Estes dias estava estudando gráficos com a minha filhota menor, e imaginei como seria um gráfico da minha vida, com os grandes eventos destacados a cada década vivida. O marco zero, meu nascimento, obviamente. Primeira década, colocaria minha primeira festa de aniversário, que ganhei quando completei 10 anos e pude convidar todas as amigas e amigos da minha sala. Até então, eu só era a convidada, mas nunca tinha sido promovida a “convidadora”. Na segunda década, certamente o meu ingresso na UFPR, em Nutrição. Na terceira década, nascimento da minha primeira filhota e preparo afetivo e mental para receber a segunda. Na quarta década, a tranquilidade de estar com a vida bem estruturada: um companheiro parceiro, duas filhas amorosas, um trabalho que me permite mostrar quem realmente sou, meus valores, minhas ideias e que valoriza tudo isso, um lar gostoso para morar e a melhor fase de saúde física e mental que já experimentei, com o veganismo. A quinta década já está sendo vivida e, pelo que experimentei dela até agora, poderia palpitar que colocarei daqui a 6 anos e meio: liberdade, tranquilidade, maturidade, segurança e convicção para qualquer decisão que eu tenha que tomar.

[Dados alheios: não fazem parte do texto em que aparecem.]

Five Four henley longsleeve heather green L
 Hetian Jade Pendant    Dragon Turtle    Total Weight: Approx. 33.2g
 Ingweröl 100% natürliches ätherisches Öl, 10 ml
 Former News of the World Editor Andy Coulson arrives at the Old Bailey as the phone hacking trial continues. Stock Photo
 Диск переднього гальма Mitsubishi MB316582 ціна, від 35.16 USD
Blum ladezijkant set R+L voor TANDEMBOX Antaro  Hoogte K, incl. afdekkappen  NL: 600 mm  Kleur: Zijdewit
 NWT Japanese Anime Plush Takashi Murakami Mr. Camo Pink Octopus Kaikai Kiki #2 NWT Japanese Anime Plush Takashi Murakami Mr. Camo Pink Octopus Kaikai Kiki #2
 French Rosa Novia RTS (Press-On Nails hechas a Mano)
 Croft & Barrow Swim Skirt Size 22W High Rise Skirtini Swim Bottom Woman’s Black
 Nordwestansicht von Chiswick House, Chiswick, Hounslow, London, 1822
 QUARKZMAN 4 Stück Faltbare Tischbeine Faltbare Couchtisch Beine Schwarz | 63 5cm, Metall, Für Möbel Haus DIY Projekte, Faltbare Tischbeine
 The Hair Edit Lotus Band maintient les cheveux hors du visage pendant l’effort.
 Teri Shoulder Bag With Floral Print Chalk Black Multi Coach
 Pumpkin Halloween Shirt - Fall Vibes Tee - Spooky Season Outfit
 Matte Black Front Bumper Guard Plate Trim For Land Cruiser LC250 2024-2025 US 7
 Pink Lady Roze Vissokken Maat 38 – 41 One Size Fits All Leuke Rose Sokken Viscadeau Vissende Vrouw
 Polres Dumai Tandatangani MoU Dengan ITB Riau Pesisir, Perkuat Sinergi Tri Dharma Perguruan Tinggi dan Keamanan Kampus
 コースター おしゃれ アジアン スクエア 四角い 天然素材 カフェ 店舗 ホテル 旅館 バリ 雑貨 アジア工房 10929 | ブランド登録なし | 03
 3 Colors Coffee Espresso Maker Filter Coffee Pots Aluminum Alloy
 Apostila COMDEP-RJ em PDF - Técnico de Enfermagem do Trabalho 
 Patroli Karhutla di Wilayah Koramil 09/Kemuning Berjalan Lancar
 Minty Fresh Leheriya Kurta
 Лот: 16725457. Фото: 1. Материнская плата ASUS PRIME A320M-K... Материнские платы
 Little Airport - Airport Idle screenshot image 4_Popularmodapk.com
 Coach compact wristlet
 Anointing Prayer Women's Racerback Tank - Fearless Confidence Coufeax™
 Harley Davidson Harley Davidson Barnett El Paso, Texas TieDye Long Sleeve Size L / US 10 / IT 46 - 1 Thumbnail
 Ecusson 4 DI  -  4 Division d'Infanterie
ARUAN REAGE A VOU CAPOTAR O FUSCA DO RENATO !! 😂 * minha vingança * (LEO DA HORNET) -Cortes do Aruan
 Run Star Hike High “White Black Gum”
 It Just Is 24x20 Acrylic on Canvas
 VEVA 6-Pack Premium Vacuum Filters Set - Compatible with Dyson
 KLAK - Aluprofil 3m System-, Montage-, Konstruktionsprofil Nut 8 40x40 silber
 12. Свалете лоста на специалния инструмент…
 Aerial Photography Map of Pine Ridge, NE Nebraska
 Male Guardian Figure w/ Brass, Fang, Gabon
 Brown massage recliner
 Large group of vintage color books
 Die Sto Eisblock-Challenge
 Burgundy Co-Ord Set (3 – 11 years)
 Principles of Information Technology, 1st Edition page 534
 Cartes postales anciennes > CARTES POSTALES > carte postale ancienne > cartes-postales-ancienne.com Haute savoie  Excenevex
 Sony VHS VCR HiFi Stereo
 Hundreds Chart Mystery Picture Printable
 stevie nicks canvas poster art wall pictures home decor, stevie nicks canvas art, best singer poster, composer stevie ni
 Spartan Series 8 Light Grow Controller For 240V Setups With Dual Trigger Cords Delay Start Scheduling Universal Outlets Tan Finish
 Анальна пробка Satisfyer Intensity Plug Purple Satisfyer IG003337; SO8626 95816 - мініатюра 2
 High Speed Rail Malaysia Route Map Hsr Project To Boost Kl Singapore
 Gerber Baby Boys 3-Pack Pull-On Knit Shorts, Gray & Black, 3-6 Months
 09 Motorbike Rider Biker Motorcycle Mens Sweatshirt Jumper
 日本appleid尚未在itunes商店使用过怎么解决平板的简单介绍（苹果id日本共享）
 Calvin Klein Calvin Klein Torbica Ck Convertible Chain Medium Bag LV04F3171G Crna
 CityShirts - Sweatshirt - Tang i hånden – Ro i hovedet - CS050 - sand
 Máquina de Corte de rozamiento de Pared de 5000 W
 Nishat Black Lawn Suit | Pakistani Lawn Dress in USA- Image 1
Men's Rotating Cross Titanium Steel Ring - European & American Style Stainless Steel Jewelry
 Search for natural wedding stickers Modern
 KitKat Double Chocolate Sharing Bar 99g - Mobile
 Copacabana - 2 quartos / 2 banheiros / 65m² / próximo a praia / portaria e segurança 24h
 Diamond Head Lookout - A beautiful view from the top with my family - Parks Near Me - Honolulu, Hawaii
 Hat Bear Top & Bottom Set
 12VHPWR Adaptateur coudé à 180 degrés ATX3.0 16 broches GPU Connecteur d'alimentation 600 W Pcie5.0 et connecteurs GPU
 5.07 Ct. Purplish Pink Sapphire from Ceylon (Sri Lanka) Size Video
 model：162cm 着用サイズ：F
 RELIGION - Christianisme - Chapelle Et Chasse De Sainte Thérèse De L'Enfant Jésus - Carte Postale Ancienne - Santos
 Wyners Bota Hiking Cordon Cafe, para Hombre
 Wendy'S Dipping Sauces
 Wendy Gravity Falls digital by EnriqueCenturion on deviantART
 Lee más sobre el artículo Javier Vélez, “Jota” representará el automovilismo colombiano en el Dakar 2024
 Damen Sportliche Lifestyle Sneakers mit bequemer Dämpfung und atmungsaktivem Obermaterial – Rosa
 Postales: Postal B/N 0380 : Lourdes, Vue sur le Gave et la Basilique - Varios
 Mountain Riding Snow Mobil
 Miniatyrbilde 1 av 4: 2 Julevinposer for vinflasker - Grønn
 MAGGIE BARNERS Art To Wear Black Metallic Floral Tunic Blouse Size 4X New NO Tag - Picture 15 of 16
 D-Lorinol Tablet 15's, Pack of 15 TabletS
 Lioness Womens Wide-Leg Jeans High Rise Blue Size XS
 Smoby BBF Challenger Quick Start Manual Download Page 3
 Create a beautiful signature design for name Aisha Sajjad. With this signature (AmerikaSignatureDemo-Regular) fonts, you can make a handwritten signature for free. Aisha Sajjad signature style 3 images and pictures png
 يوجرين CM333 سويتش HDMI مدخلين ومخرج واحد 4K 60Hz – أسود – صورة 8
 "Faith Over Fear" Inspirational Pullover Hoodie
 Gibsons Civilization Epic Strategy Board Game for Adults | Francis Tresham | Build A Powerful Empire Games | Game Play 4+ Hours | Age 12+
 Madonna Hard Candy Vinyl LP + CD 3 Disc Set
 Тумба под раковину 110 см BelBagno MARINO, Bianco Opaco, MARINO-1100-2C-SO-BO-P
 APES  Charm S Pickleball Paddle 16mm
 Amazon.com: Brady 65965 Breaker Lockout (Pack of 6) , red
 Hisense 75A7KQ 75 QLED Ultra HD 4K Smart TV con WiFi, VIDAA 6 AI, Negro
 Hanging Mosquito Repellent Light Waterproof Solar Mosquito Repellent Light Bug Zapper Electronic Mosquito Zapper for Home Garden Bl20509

Tenho vivido meus dias desta nova década com uma atenção natural e orgânica a tudo o que não me faz bem. Não gosto da sensação de “ter que fazer” algo. Quando este sentimento me visita, paro tudo e me faço perguntas: por quê mesmo que tenho que fazer? E, muitas vezes, concluo que não preciso e isso me traz um alívio imediato. Encontrar pessoas com quem eu não consiga ser eu mesma, por exemplo, é algo que não tenho mais feito nesta altura do meu gráfico. Viver situações em que eu não me sinta confortável, também ficou em outra década. Hoje já me conheço o suficiente para saber com convicção quais programas me agradam e quais companhias me fazem bem. E, ainda que tenham pessoas que me façam bem, sei também por quanto tempo de convívio eu usufruo deste benefício com elas. Algumas já sei que é por 2 ou 4 horas, por exemplo. Outras, eu nem conto as horas… elas passam despercebidas. Parece incoerente demais, e até desrespeitoso com meus anos vividos, eu ter que me submeter a situações e pessoas. A submissão esteve presente em várias décadas, mas consegui deixar ela para trás e está sendo libertador viver desta forma.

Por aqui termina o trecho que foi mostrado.